Work to be completed: Pictures aside, please retype the whole listing word for word.

Stored data:
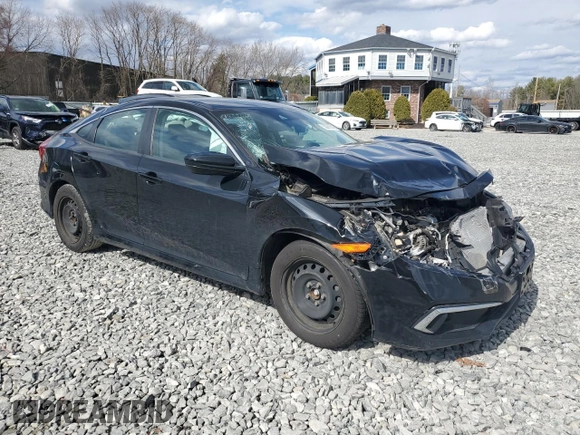 2019 Honda Civic Sedan LX with VIN 2HGFC2F65KH538508, listed as a Copart auction lot 50286545 with 61,169 mi miles and Salvage Title. Bid and sale history available at carsss.com. Image 4.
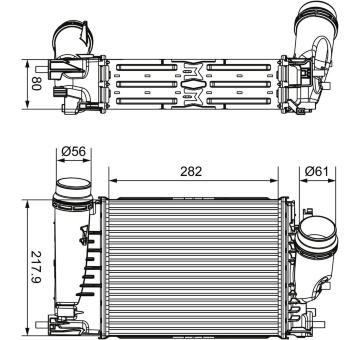 chladič turba VALEO 817175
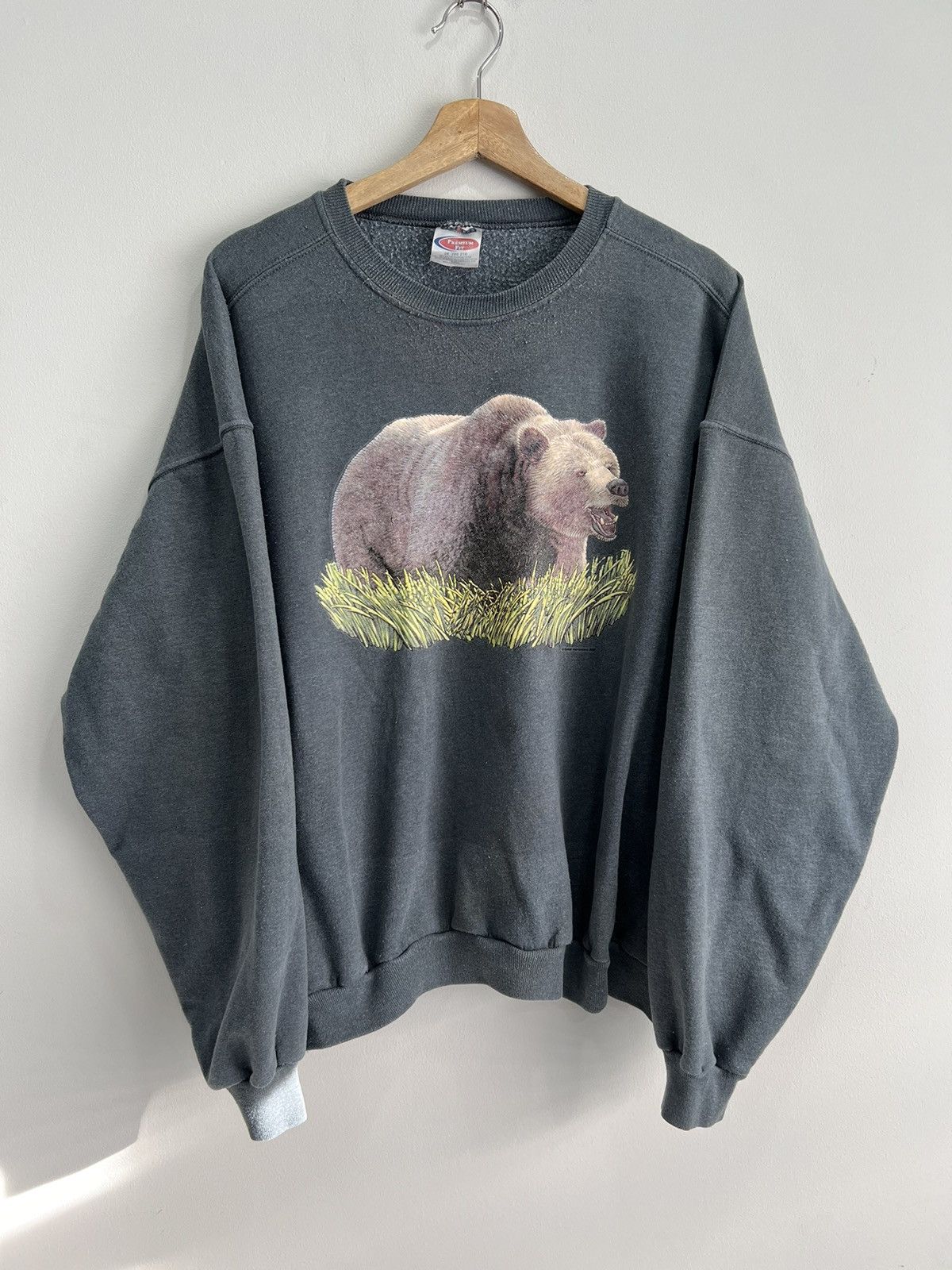 Vintage Vintage Bear Sweater Sweatshirt animal wilderness xxl Size US XXL / EU 58 / 5 - 1 Thumbnail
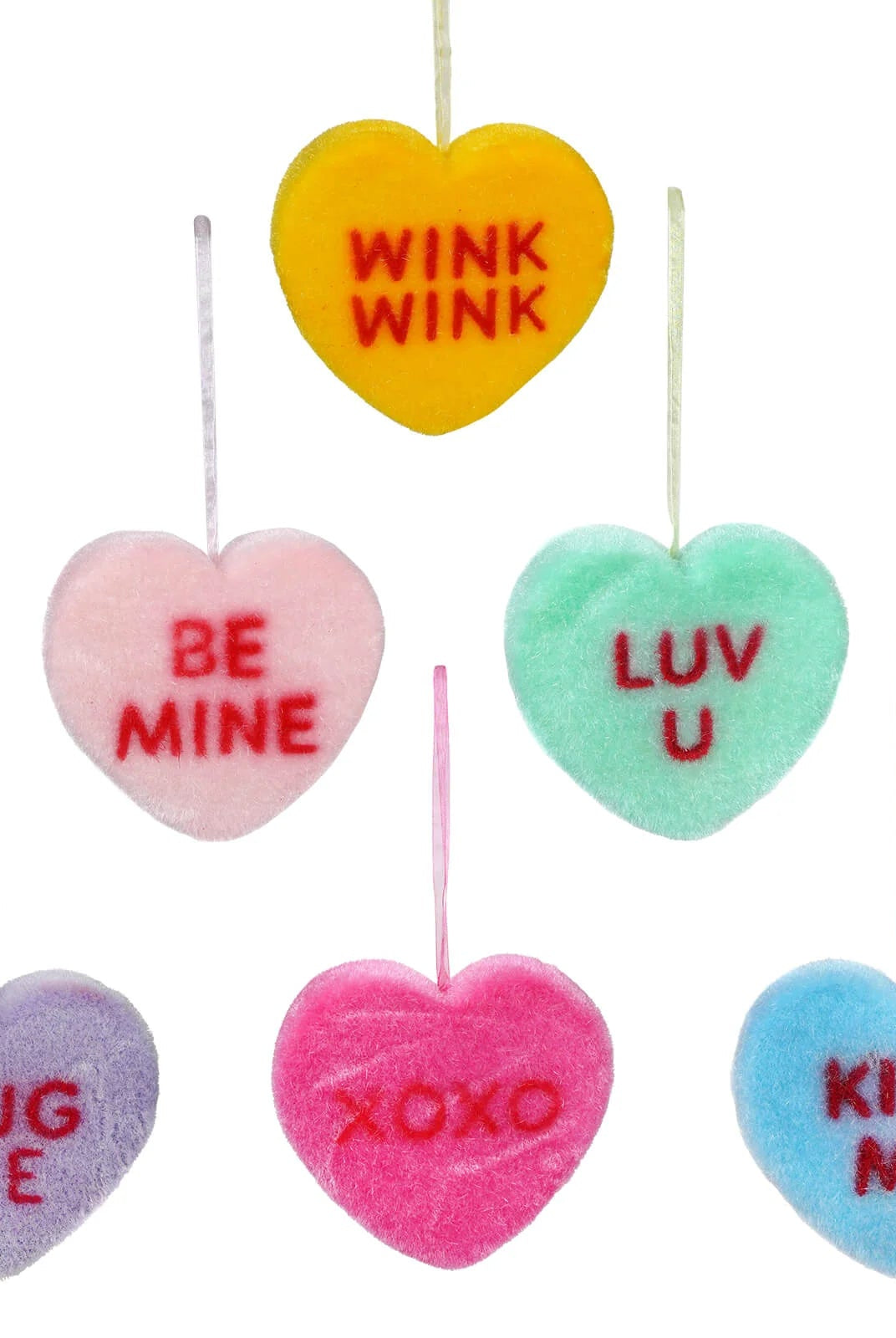 Shop For 180 Degrees 6" Flocked Conversation Hearts (Assorted)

Exercise result:
 2019 Honda Civic Sedan LX with VIN 2HGFC2F65KH538508, listed as a Copart auction lot 50286545 with 61,169 mi miles and Salvage Title. Bid and sale history available at carsss.com. Image 4.
 chladič turba VALEO 817175
 Vintage Vintage Bear Sweater Sweatshirt animal wilderness xxl Size US XXL / EU 58 / 5 - 1 Thumbnail
 Shop For 180 Degrees 6" Flocked Conversation Hearts (Assorted)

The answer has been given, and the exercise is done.